++++ Supplied information ++++

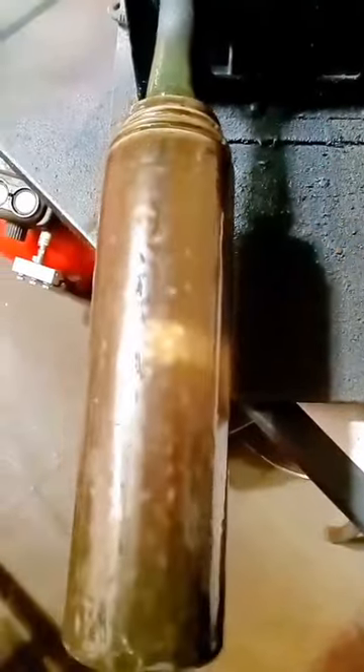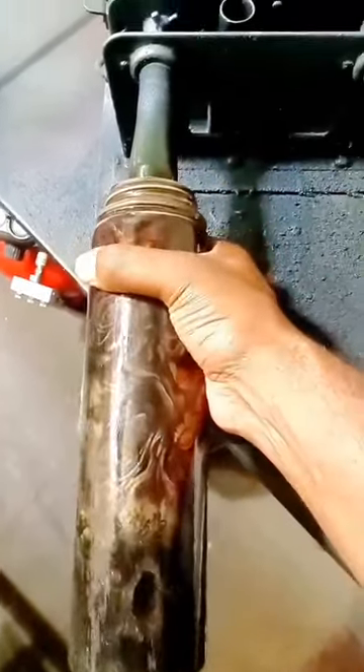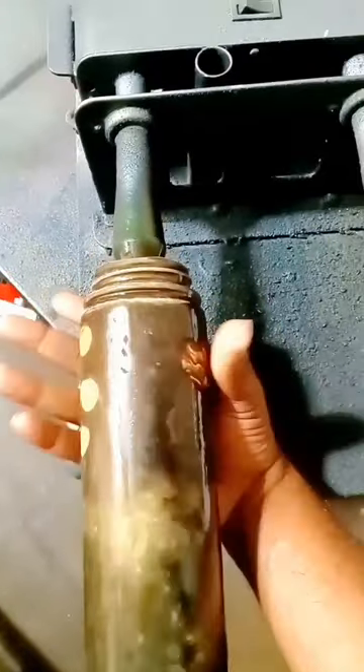It responds to heat. I laid a design over the top of this thermal reactive pigment, and oh my gosh, it is so cool.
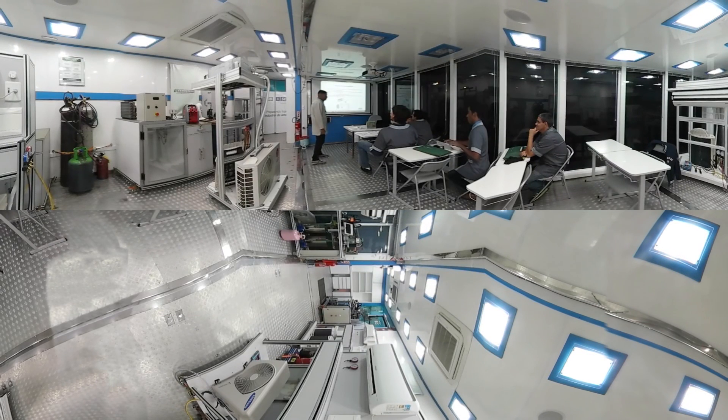Bom pessoal, então aqui a gente vai fazer o teste de estanquidade agora, depois da parte da montagem. Vocês têm que verificar se não tem vazamento. E uma das maneiras mais corretas de ver se tem vazamento ou não é fazer o teste de estanquidade com nitrogênio seco.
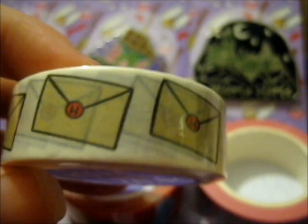This one is the owl post envelope washi tape — basically a clone of the envelope. And last, and not least, it is the cute magical patterned washi tape.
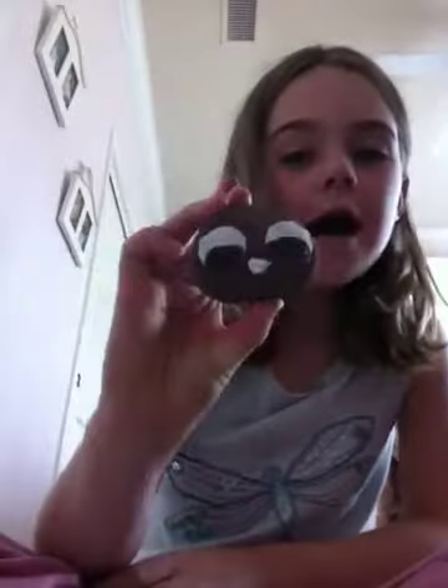And our final rock pet rock. Now all you have to do next is give it a name. Thanks for watching. Have fun with your pet rock. Bye.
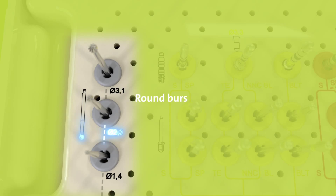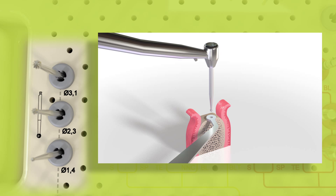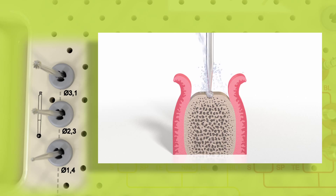At the bottom left, three round burrs are stored. They are used for flattening the alveolar crest, for marking the implant bed position, and for enlarging the entrance hole.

++++

• [Exercise instructions]: Nothing but the lines from the line containing "And our final" through the end of the data, both ends included, is to be reproduced, exactly as written and without the pictures.

• [Solution for this task]:
And our final rock pet rock. Now all you have to do next is give it a name. Thanks for watching. Have fun with your pet rock. Bye.
At the bottom left, three round burrs are stored. They are used for flattening the alveolar crest, for marking the implant bed position, and for enlarging the entrance hole.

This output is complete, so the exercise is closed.